Instructions to follow — Your answer should be the lines from the one with "昇輝圓夢獎(jiǎng)助學(xué)金丨愛心托起希望，助學(xué)成就未來" to the end of the data below, both included, exact and free of pictures.

Collected data —
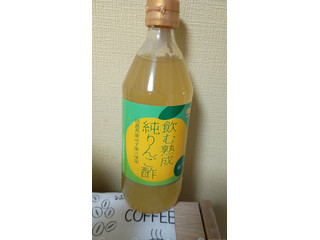 ヤオコー yes！YAOKO 飲む熟成純りんご酢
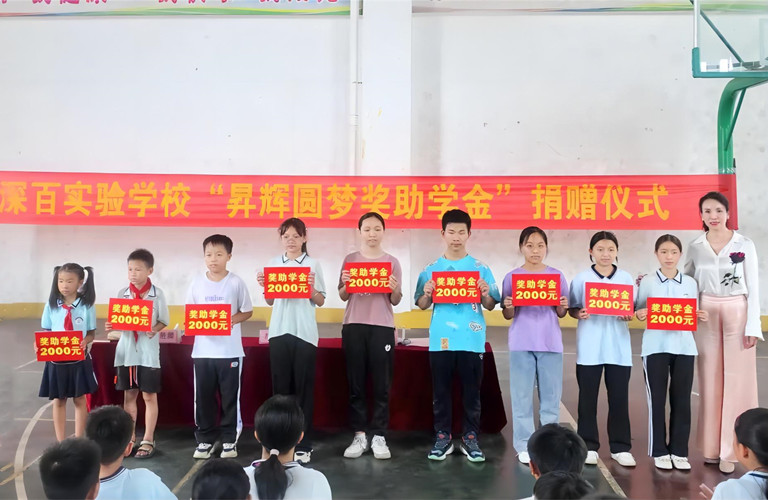 昇輝圓夢獎(jiǎng)助學(xué)金丨愛心托起希望，助學(xué)成就未來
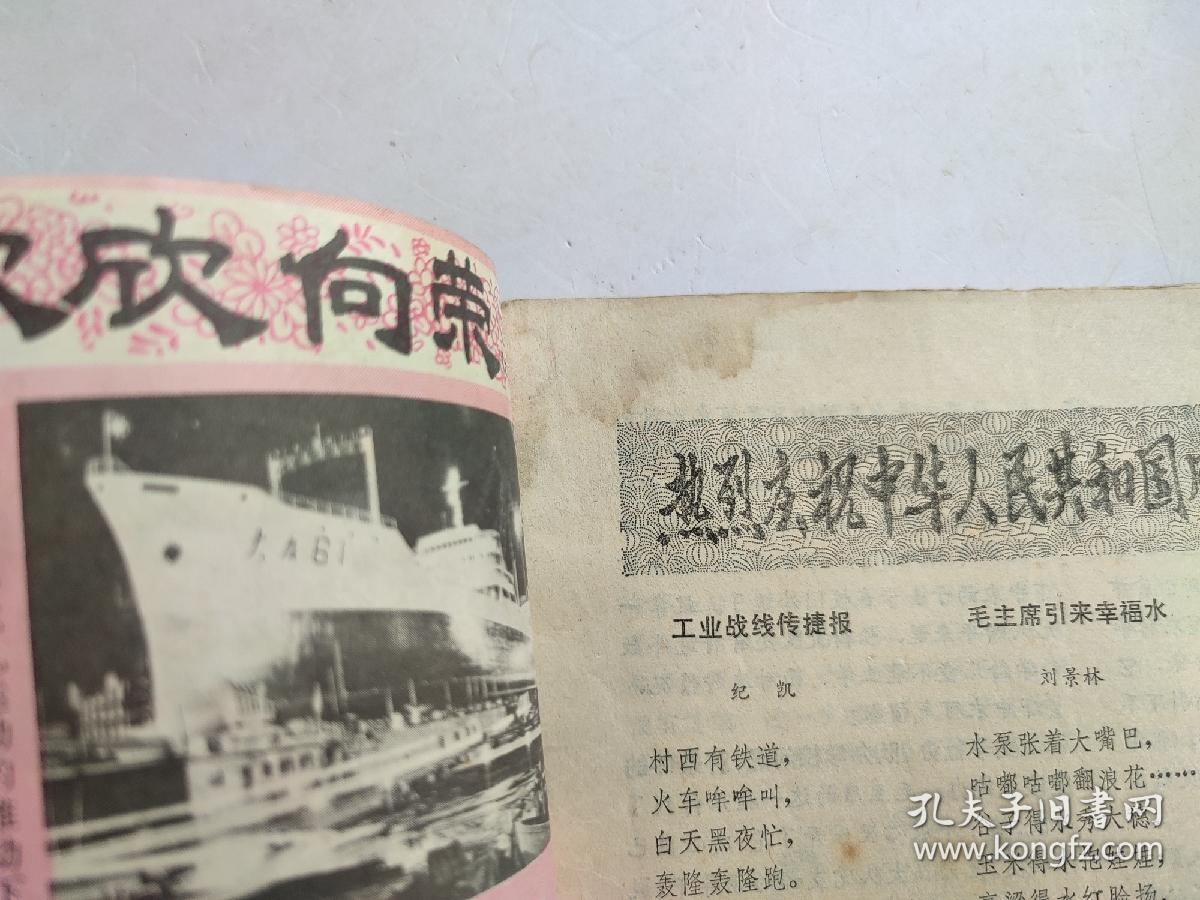 辽宁，红小兵（1974年第19期）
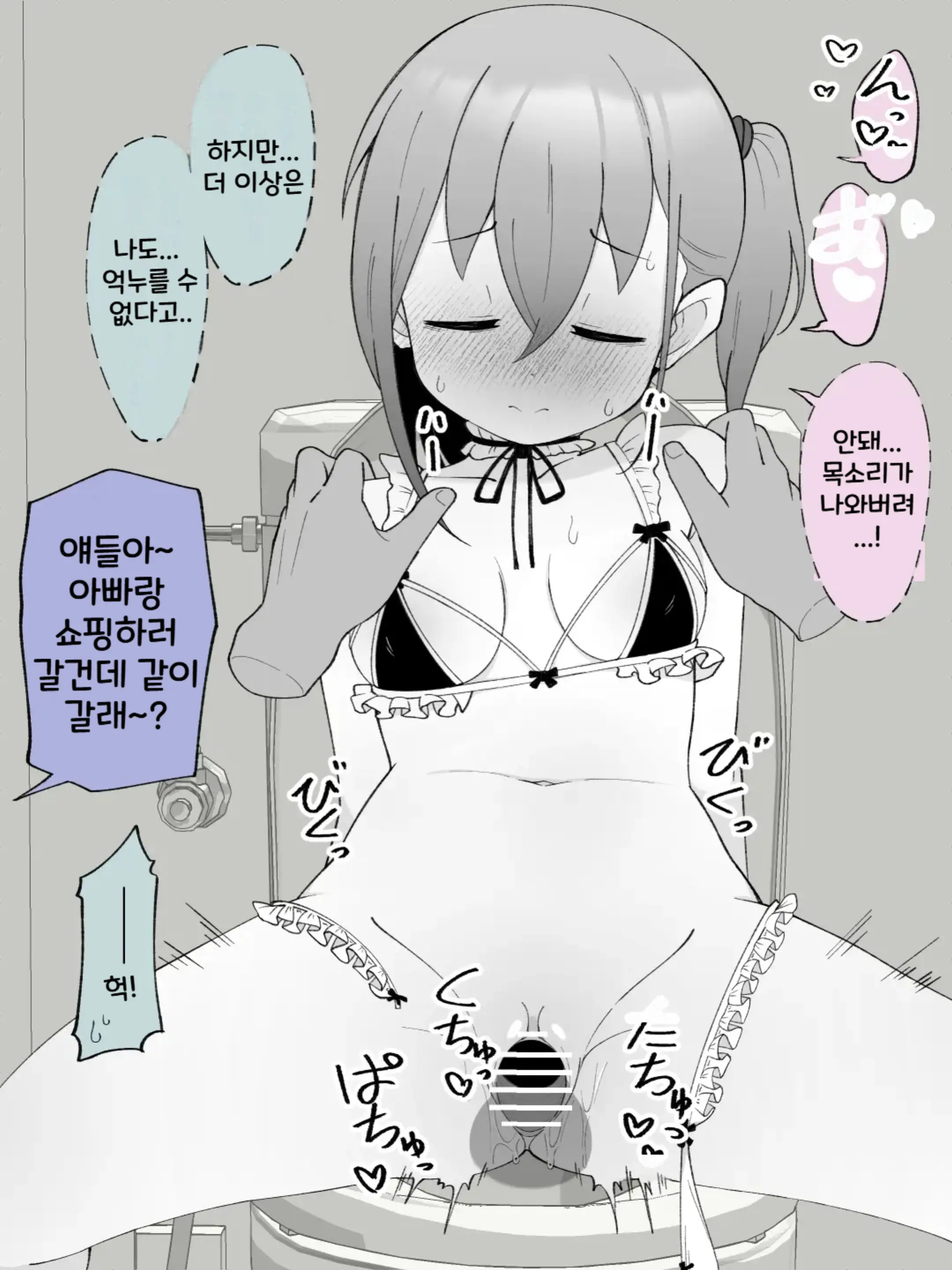 웹툰 이미지 109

Solution —
 昇輝圓夢獎(jiǎng)助學(xué)金丨愛心托起希望，助學(xué)成就未來
 辽宁，红小兵（1974年第19期）
 웹툰 이미지 109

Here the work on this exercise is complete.